I've started reading Barry C. Joslin's book, Hebrews, Christ, and the Law: The Theology of the Mosaic Law in Hebrews 7:1–10:18 (Paternoster Biblical Monographs; Milton Keynes: Paternoster, 2008). I have to admit that I'm struggling with this one, in part because of the frequent use of passive verbs and awkward circumlocutions in order to avoid the first-person. But once I got past the first chapter (or rather, once the first chapter was gotten past by the present reader and reviewer), I've started to enjoy this book a bit more.

Even so, as I read Joslin's book I've noticed a number of phrases that make me scratch my head, and I would like to avail myself of your assistance, if you're able to make sense of these passages. I'll only provide two, but these are representative of Joslin's writing style:

[W]hen taken as a whole, what the writer of Hebrews envisions for the law in the [New Covenant] is its transformation. It is now viewed through the lens of Christ, and as such there is transformation that involves fulfillment and internalization. There are continuous and discontinuous aspects of the law, and this continuity and discontinuity turns on the hinge of Christ. (2)

This quote comes from the first chapter and as such introduces Joslin's thesis. I'm not convinced that the sentences I've quoted actually say anything. How is the law transformed? What does "viewed through the lens of Christ" mean vis-à-vis the law? In what sense is the law "fulfilled" and "internalized," and why are these things "transformation"? But since there remains the entire rest of the book, I'm willing to put these questions on hold. I can't figure out, however, how the subject of Joslin's last phrase ("this continuity and discontinuity") performs the action of the verb ("turns"), and how the door metaphor ("on the hinge of Christ") explains either the verb or the relationship of the double subject. Any help?

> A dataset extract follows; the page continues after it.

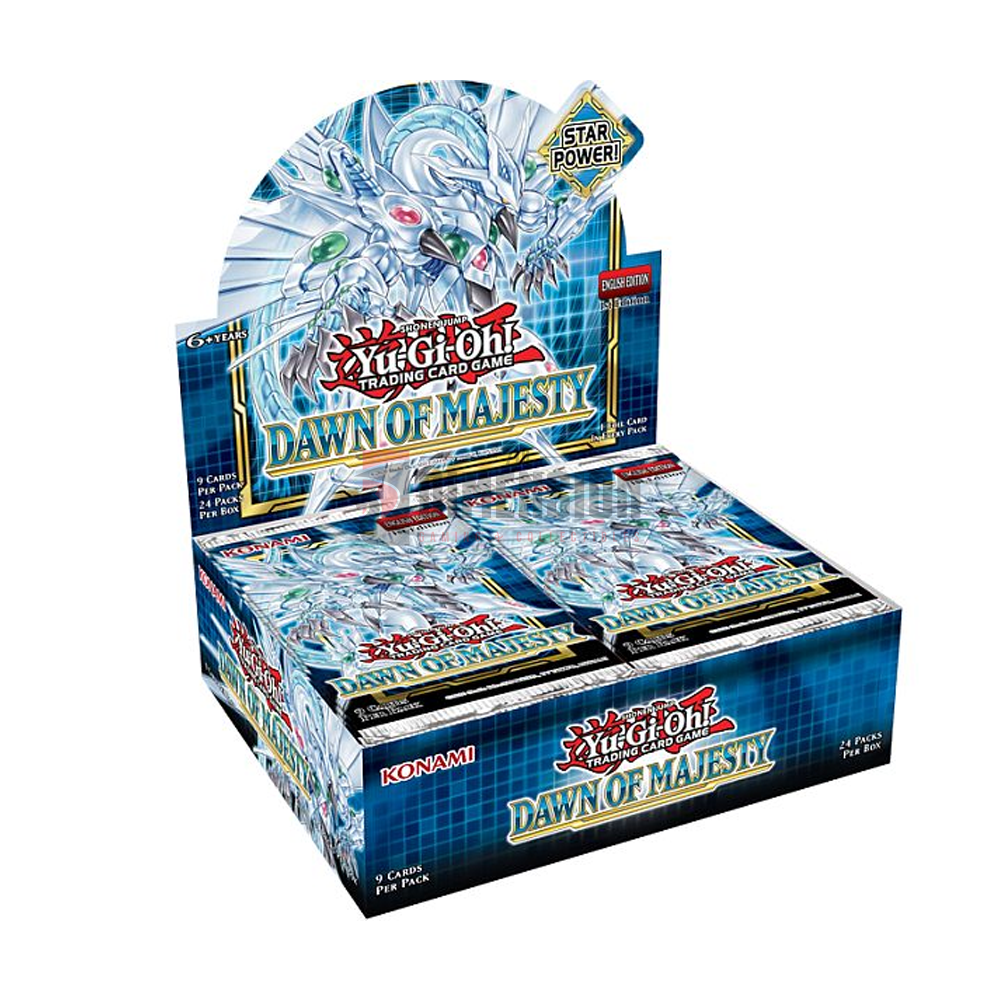 YuGiOh! Dawn of Majesty Booster Packs & Boxes Pokemon Plug YuGiOh! Dawn of Majesty Booster Packs & Boxes Pokemon Plug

On a different note, Joslin provides a lengthy survey of Jews' view of the law/Law/Torah in the Second Temple period; such a survey is no easy task. Toward the beginning of his discussion of 2 Maccabees (34–37), Joslin writes,

After giving them the law Jeremiah is said to exhort his readers "not to let the νόμος depart from their hearts" in 2:3. What seems to be clear is that the specific referent for νόμος is the written commandment of the law of Moses. (34)

Again, I'm thirty-some pages into a lengthy monograph (330+ pages), so a lot of Joslin's argument is still to come. But already Joslin has mentioned a half-dozen times or so that he sees νόμος [nomos; "law"] and διαθήκη [diathēkē; "covenant"] as related terms but absolutely rejects that they are [near?] synonyms. So his comment on 2 Macc 2.3—that "the specific referent for νόμος is the written commandment of the law of Moses"—strikes me as a bit self-serving. Why is Jeremiah's exhortation limited to the written text he gives to the departing deportees? Or, at least, why does this limitation "seem to be clear"? The same text "seems clear" to me to refer to the written text as a cultural/material artifact that metonymically referenced any number of things simultaneously: the written text, the specific commandments inscribed therein, the covenant mediated via those commandments and communicated in that text, the interpretive traditions mediating the text's meaning and significance (and so the proper means of observation), the appropriate stance vis-à-vis the gentiles among whom the exiles would live, etc.

Given the important role this point will play in Joslin's argument, I'm baffled that he seems content to assert this interpretation without any argumentation whatsoever. With a flick of the wrist and a "seems to be clear," the point is made. Or perhaps, once again, my hermeneutic is failing me. Any suggestions?


Don said...

As a scholar, your lot is to wade through much scholarly work. You seem surprised at what you perceive to be this author's self-serving writing. Surely you have discovered by now that the foundation of personality and self-image for many, many scholars is... well, hubris. So many have little or nothing to say and a great need to say it (not the least need of which is to gain tenure), and are whistling in the dark, trying to convince themselves—and others of their ilk—they have meaning and purpose, and something new to say.

Wade through this tome, as you must; but always keep before you the words of Shakespeare: "It is a tale told by an idiot, full of sound and fury, signifying nothing." Glean what gems you may, discard the dross, and never forget that your purpose is to know Christ and bring others to know Him.

Rafael said...

I hate to admit it, Don, but I think you've come pretty near the nail's head. If publishers only published books that were worth publishing—that needed to be published—our bookshelves would be awfully bare. The drive for tenure turns a lot of trees to pulp.

Of course, my book is one of those books that needed to be published. Trees are honored to sacrifice themselves to have my words inscribed upon their processed carcasses. Aren't they?

Don said...

Of course they are, my friend... Of course they are!

Don said...

Oh, and only $88.20 on Amazon pre-order! (Do you get any courtesy copies to share with poor old peasant priests?)

Rafael said...

Give me a break, Don! What are you complaining about?! You get free shipping!